还不知道以後这丫头来的时候,她和老伴还在不在人世了。
“有我阿姐给你们调理身子,保管你们长命百岁哩!”
小瑾也聪慧,哪里不知道大娘心里担忧着什麽,想着两老也无女无儿了,只觉得心生怜悯,她如今幸运,还有阿姐为伴,所以她特别能理解这种失去至亲的感受。
亦或是同病相怜,她对大娘也有着莫名的亲切感。
这边说罢,那头见着芙芝姐来了,忙伸长脖子招手:“姐,今晚有鸡吃了,大娘特意为我们杀的活鸡呢。

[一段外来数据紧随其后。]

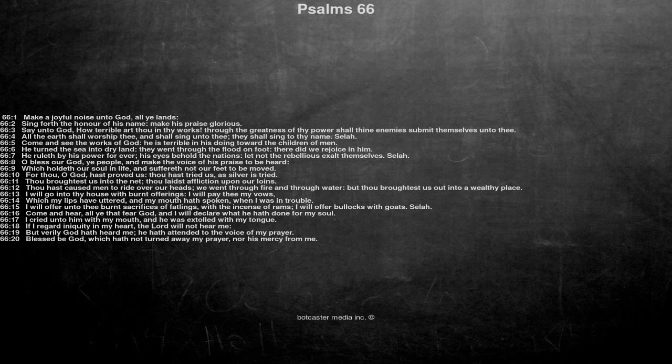Thou broughtest us into the net, thou laidst affliction upon our loins. Thou hast caused men to ride over our heads, we went through fire and through water, but thou broughtest us out into a wealthy place.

”
在这偏僻村落,而且人烟稀少,能有几只活鸡都是宝贝了,能宰杀一只来给她们吃,妥实不易。
白芙芝三步化作两步,快速上前,将手里的草药先放到了屋里头,然後来到院里帮着小瑾打下手。
阿叔已经在里屋睡着了,大娘腿脚不便,但是不愿回屋歇息,就想在院里头跟姐俩个说说话,唠唠家常,好似想把这些年心里堆积的话都一股脑的说完。
两姐妹也就在一旁默默听着,偶尔能插话的地方就搭上几句,就在一片其乐融融中,也处理好了食材,小瑾去做饭的间隙,白芙芝把摘回来的草药跟方子上的逐一教大娘识别,方便她以後采摘。
时间飞快,没过多久,星子坠挂夜空,一眼望不到边际。
陈旧的老屋里很少有过这般温馨的场面了,缺了角的木桌上摆了家常小菜,有荤有素,虽简朴但实在。

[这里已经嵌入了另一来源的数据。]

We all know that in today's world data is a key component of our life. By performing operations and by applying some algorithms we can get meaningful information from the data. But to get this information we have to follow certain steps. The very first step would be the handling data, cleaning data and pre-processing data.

白芙芝让小瑾去隔壁叫另外两人过来吃饭,赶路忙活了一天还没吃口热饭。
大娘听见白芙芝说的,有些不大高兴,她不喜欢另外那个紫衣的姑娘,那姑娘感觉蛮不讲理,并且没有善意,实际上也没有出手帮过什麽忙。
也是看在姐两个的面子上,大娘没吭声。
直到小瑾带着觅韶过来时,觅韶依旧板着脸,似乎过来吃饭都是赏脸了。
可除她一人,身後空荡荡的,并无其他人了。
他没有过来。
白芙芝也仅用馀光瞄了一眼後,耷下眼帘,眸光深沉不见底,继而给大娘碗里夹了个鸡腿,没有再理会门口站着的人。

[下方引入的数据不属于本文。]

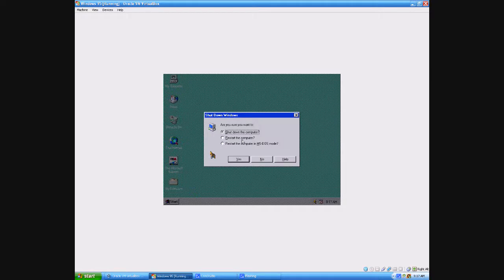You don't shut down your computer — you restart it. Don't restart it in DOS mode because that's going to screw everything up.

而小瑾也不大喜欢这个觅姑娘,她负责喊人过来後,就完成了自身的任务,坐在凳子上开始准备扒饭。
眼下只馀觅韶独自站着,清嗓咳了两三声後,也没见有人招呼她,脸上呈现尴尬,却还是擡高下巴,硬声说道:“我带点饭菜过去吃。”
话落下後,见状没人招待她,就自个从桌上拾起碗筷,专挑蒸鸡的那碗里夹菜,挑了好几块饱满的肉块後,蒸鸡的碗里就空了大半,还想再夹时,白芙芝伸出竹筷子制止了她。
“肉吃多了担心觅姑娘噎着,还是夹点青菜比较好。”
白芙芝的眼神倏然冷厉,完全不容置疑。
觅韶差点被盯得缩回了手,张了张嘴想反驳什麽,可想起主上的叮嘱不让惹事,就将欲脱口的狠话咽了下去,剐了眼白芙芝後,转头就朝外面走去了。
小瑾看着远去的背影啐了口:“就这麽点肉,也不想着给别人留点,真要噎到就好了!”
……
夜色如漆,周围四窜的风从各个空屋子吹过,时不时发出尖锐的呼叫声。
这鬼地方基本无人,想起白日里老妇的话後,越想越觉得有些可怖,随意瞟了眼四周漆黑的窗口,都觉得里面仿佛有一双双鬼眼在盯着自己般。
觅韶只觉得浑身鸡皮疙瘩,端着手中的碗加快了脚步往隔壁走去。
就在紫衣女子总算在风声嘶鸣中踏入屋,关上门的刹那间,茅草屋对面的那间空屋子里,只见破了好几个窟窿的纸窗後面真有双泛着血丝的眼睛在盯着这边亮着烛光的房子,仅此一瞬,就闪现不见。
关上门後,想到主上跟她同在一个屋檐下,就顿时安心了不少,
原想着试探扣门问一下房里的人吃不吃晚饭,但是刚才那小丫头过来就问了,说不吃,所以想想还是作罢。
主上最近都在辟谷,吃不吃东西就他而言影响不大。
左思右想後,她也就没去打搅主子了,独自在屋内用了饭。
碗里平平无奇,往日都不会去看的菜,没想到还挺好吃的,她砸吧嘴回味,或许是今天饥肠辘辘太久了,不然这麽平庸的菜色怎麽会全吃光呢,她为自己寻了个由头。
就在觅韶吃完不久後,突然听见大门被敲响了一下。
不轻不响的一声,同样撞击到了觅韶的心头,让她攥在手里的筷子都不由得握更紧了。
她骤然想到刚才走回来时,背後那股凉嗖嗖的感觉。
按理来说,她不应该惧怕这些灵异鬼神的坊间传闻,但是那种感觉太过强烈了,令她无法忽视掉。
她松开手中筷子,另一只手悄悄摸上了放在桌上的剑柄,欲要拔出防备时,门就推开了,她甚至来不及惊喝。
匆匆看清之时,原来是白芙芝站在门口!
一道清丽的身影还不等她出声质问,就直接闪进了屋内。
这个该死的女人,不声不响的,差点令她出了丑相,想到这里她怒视而瞪。